自らの鼻血を手で拭って対戦相手に投げつける狂気の闘争心。体格でひと回り勝る一階級上の相手を腕十字で極め、タオル投入の劇的結末を披露した19歳ファイターに対して、視聴者から「セオリーの上を行く」「化け物だ」など、驚きの反響が広がっている。
3月21日に後楽園ホールで開催されたプロフェッショナル修斗公式戦「PROFESSIONAL SHOOTO 2022 Vol.2」で、西川大和(西川道場)と山田崇太郎(THE PANDEMONIUM)が対戦。現・修斗世界ライト級王者の西川が、一階級上でウェルター級3位の山田に挑み、3ラウンドに腕ひしぎ逆十字固めで圧巻の一本勝ち。ABEMAの実況席にいたレジェンド・宇野薫も「山田選手が取られるとは考え難い」とそのポテンシャルの高さに舌を巻いた。
MMA、立ち技の大会と場を選ばず結果を残してきた西川。2020年に修斗に参戦すると連勝を重ねて昨年9月には早々と修斗世界ライト級を戴冠した。対する山田はウェルター級屈指のグラップラー。一階級上、ひとまわり大きい相手への挑戦に視聴者も「西川さすがにきつくないか?」「体格差があるだろ…」と今回こそ“西川危うし”との声が少なくなかった。
そんな下馬票どおり、1ラウンド開始早々、山田はテイクダウンに成功。パウンドを落としスタンドでフロントチョークから引き込むなど終始優位に試合を進めていく。しかし、西川も下から強い打撃を見せるなど、一筋縄ではいかない。
序盤を圧倒した山田だが、1ラウンドの攻防を経て消耗がうかがえる。すると、2ラウンド開始とともにテイクダウンに成功するが、西川の蹴り上げなどに手を焼く場面が目立ち始める。クローズドガードの場面も、西川が下から簡単にポジションを逆転。上になると強烈なパウンドを打ち下ろし、山田の顔面を鉄槌で削って行く。西川は下から足関節を狙う山田に「おい極めてみろよ!」と挑発、一方、ぐったりと左の頬も腫れた山田。2ラウンド終了時には、すっかり攻守逆転という印象だ。

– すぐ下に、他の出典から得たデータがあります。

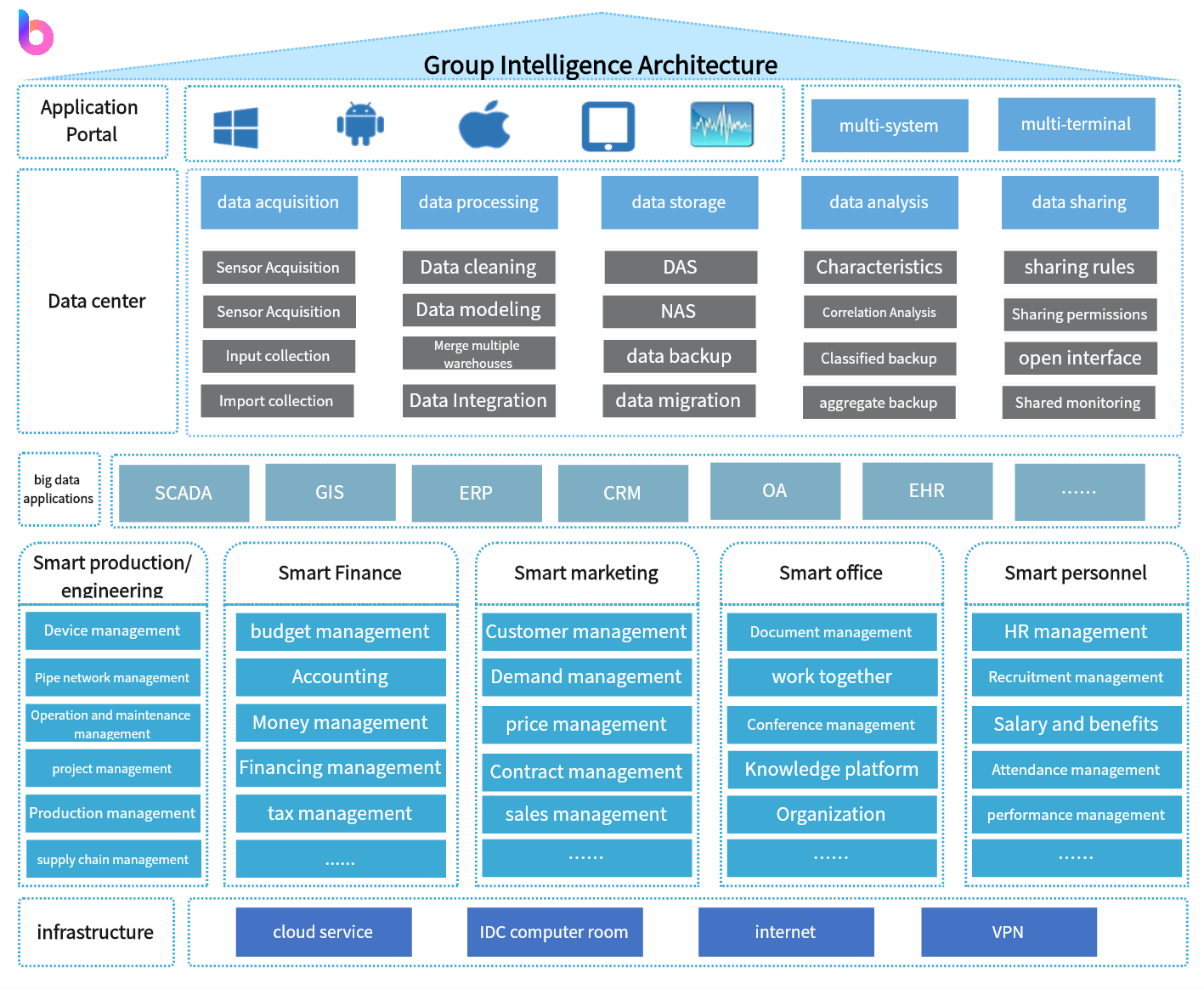 Enterprise Architecture Diagram Boardmix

最終3ラウンドになるとすっかり立場は逆転。スタンドの打ち合いから山田の上を取る西川は、打ち合いでの被弾で大量の鼻血も。しかし、全く意に返さず鉄槌、膝を落とし、動きの鈍った相手のバックを取りスリーパー。山田は組みの場面も力弱く倒しきれず、体力はエンプティーに近い。
さらに西川の狂気を感じさせる場面は続く。立ち上がり、自らの手で大量の鼻血を拭うと、あろうことか山田の顔面目掛けて血しぶきを投げつける。これには試合を中継したABEMAの視聴者も「血を投げるな」「血しぶき攻撃」「鼻血投げるな」など即座に反応。その後も西川は、相手に何やら荒々しい言葉を投げかけながら上から殴り続ける。
残り2分、サイドポジションから山田の左腕を取りアームロック狙い。体力が消耗しているとはいえ国内屈指のグラップラーを圧倒し始める西川。解説席の宇野薫も「山田選手が取られるとは考え難い」とにわかに信じられない光景に言葉を漏らすが、エグいヒジ、パウンド連打で最後の仕上げに入っていく。
最後は虫の息の山田を削り、左腕を取って鮮やかな腕ひしぎ腕十字。グリグリと締め上げる様子に山田陣営が危険と判断してタオルを投入。と同時に、山田も無念のタップとなった。
階級差を全く感じさせずに難敵を相手のフィールドの寝業で仕留めた西川にファンは「セオリーの上を行く」「化け物だ」と唖然。敗戦を予想していたのか視聴者数人が相次いで「西川選手疑ってごめんなさい、本物でした」など、謝罪のコメントまで寄せられていた。